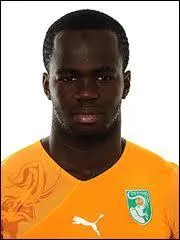 Comme beaucoup de ses compatriotes, il volue en Angleterre, et plus prcisment  Newcastle. D'aprs vous, de qui s'agit-il ?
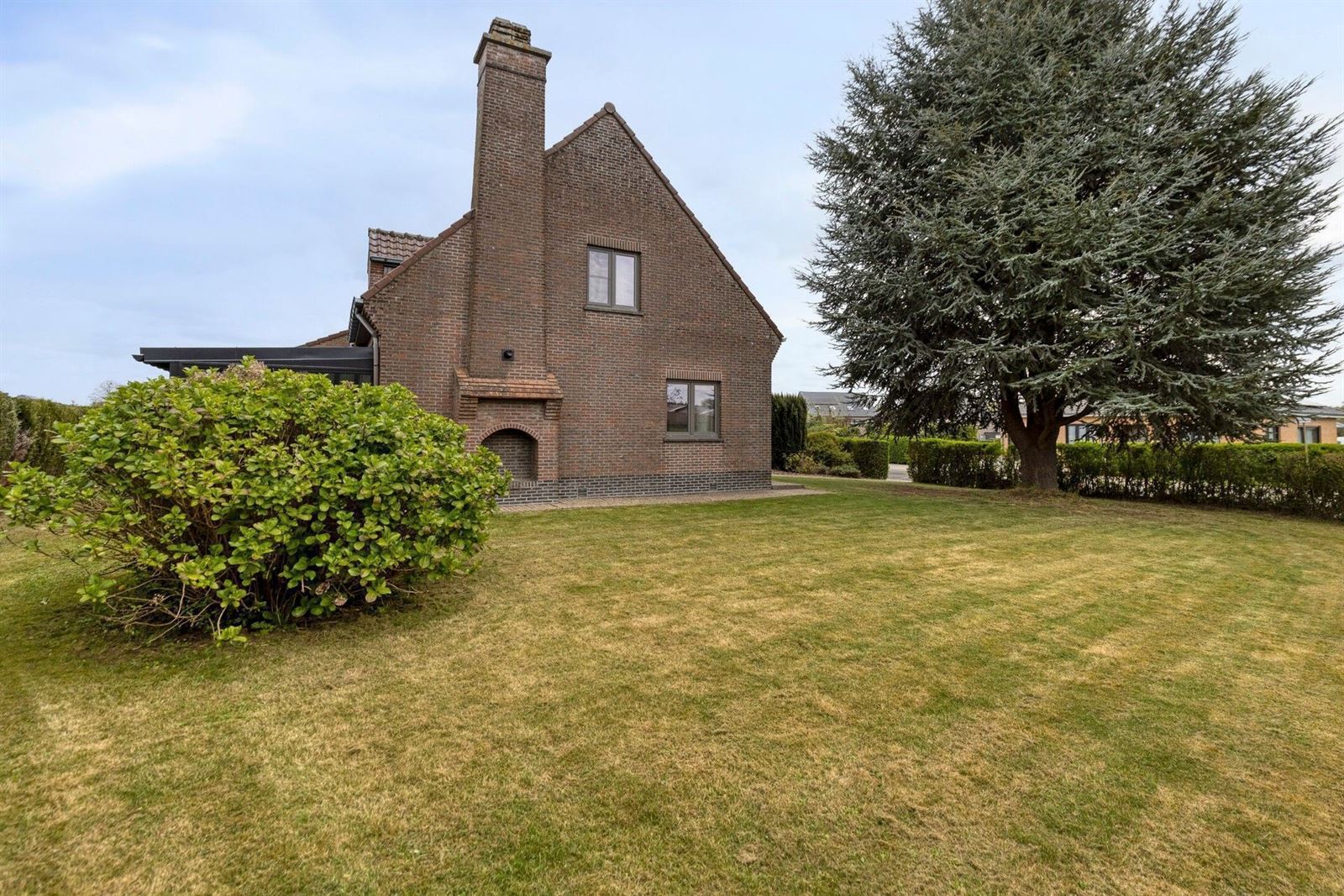 FOTO’S 24 : Woning te 1600 SINT-PIETERS-LEEUW (België) - Prijs &euro;&nbsp;560.000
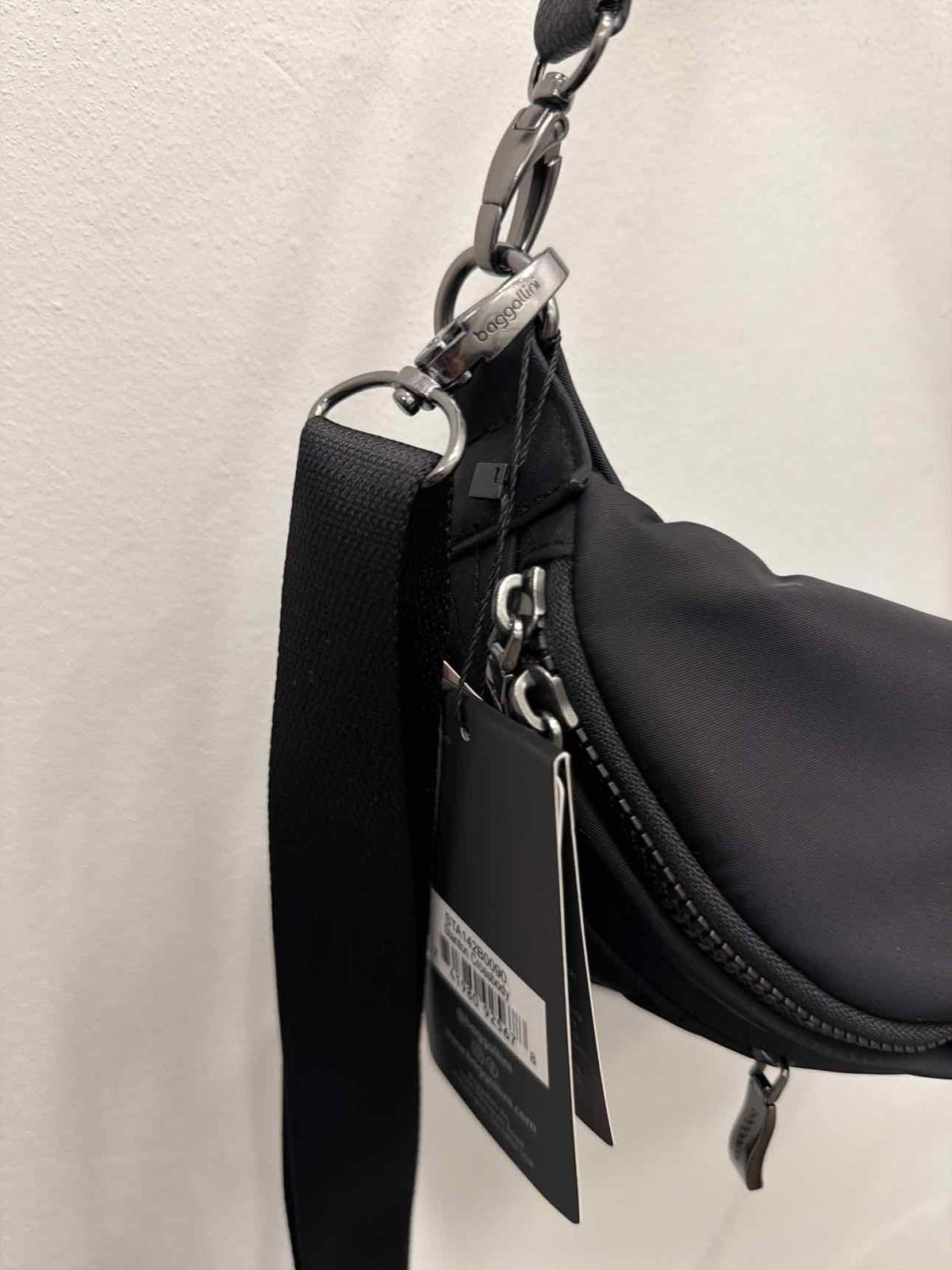 Baggallini Stanton Black Nylon Crossbody Sling Bag NEW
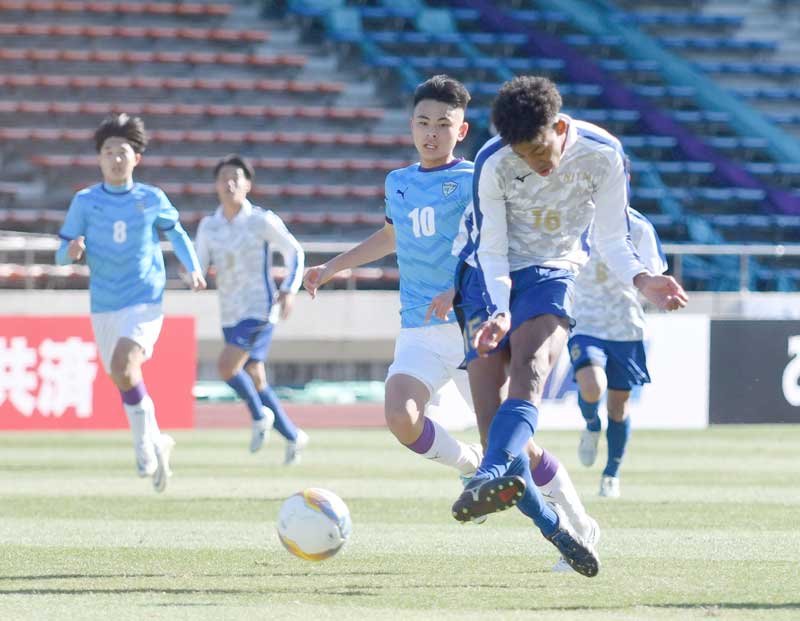 日体大柏ー飯塚　前半、日体大柏のオウイエが先制ゴールを決める＝柏の葉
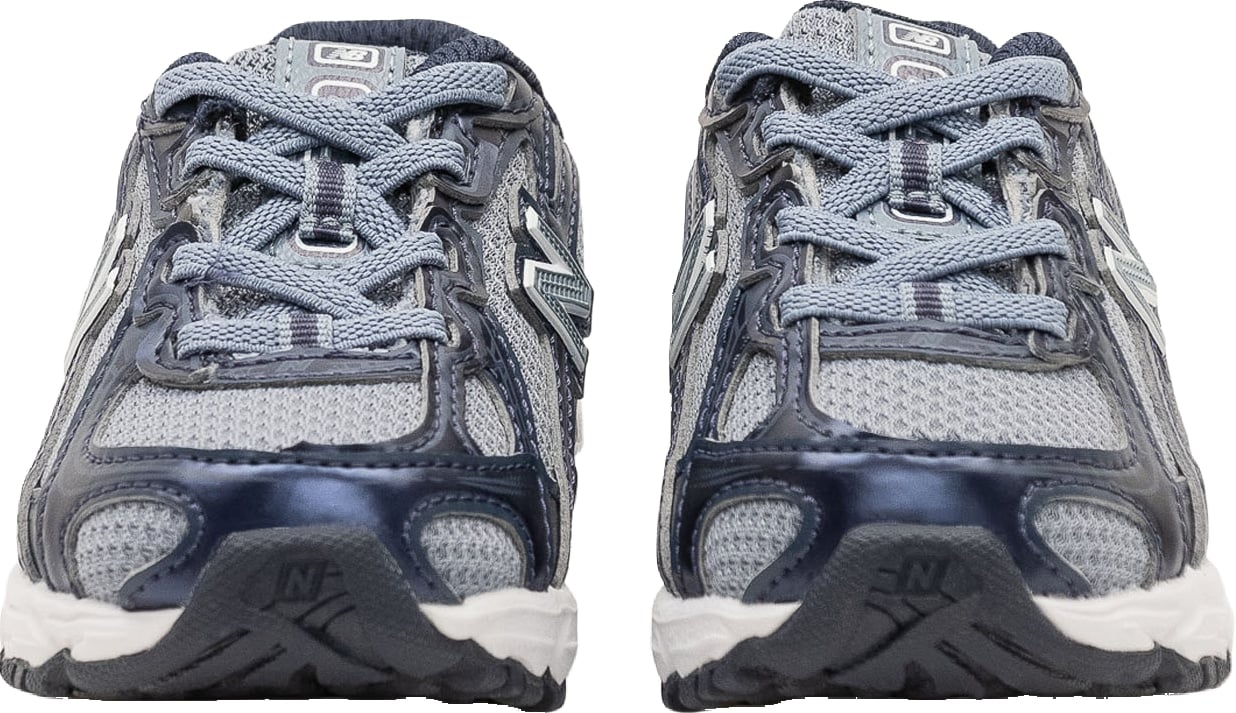 Sneakers 740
+---+
→ THE PROBLEM
Only the pictures are to be left out; everything else in the entries above must be duplicated exactly.

→ EXERCISE ANSWER
 Comme beaucoup de ses compatriotes, il volue en Angleterre, et plus prcisment  Newcastle. D'aprs vous, de qui s'agit-il ?
 FOTO’S 24 : Woning te 1600 SINT-PIETERS-LEEUW (België) - Prijs &euro;&nbsp;560.000
 Baggallini Stanton Black Nylon Crossbody Sling Bag NEW
 日体大柏ー飯塚　前半、日体大柏のオウイエが先制ゴールを決める＝柏の葉
 Sneakers 740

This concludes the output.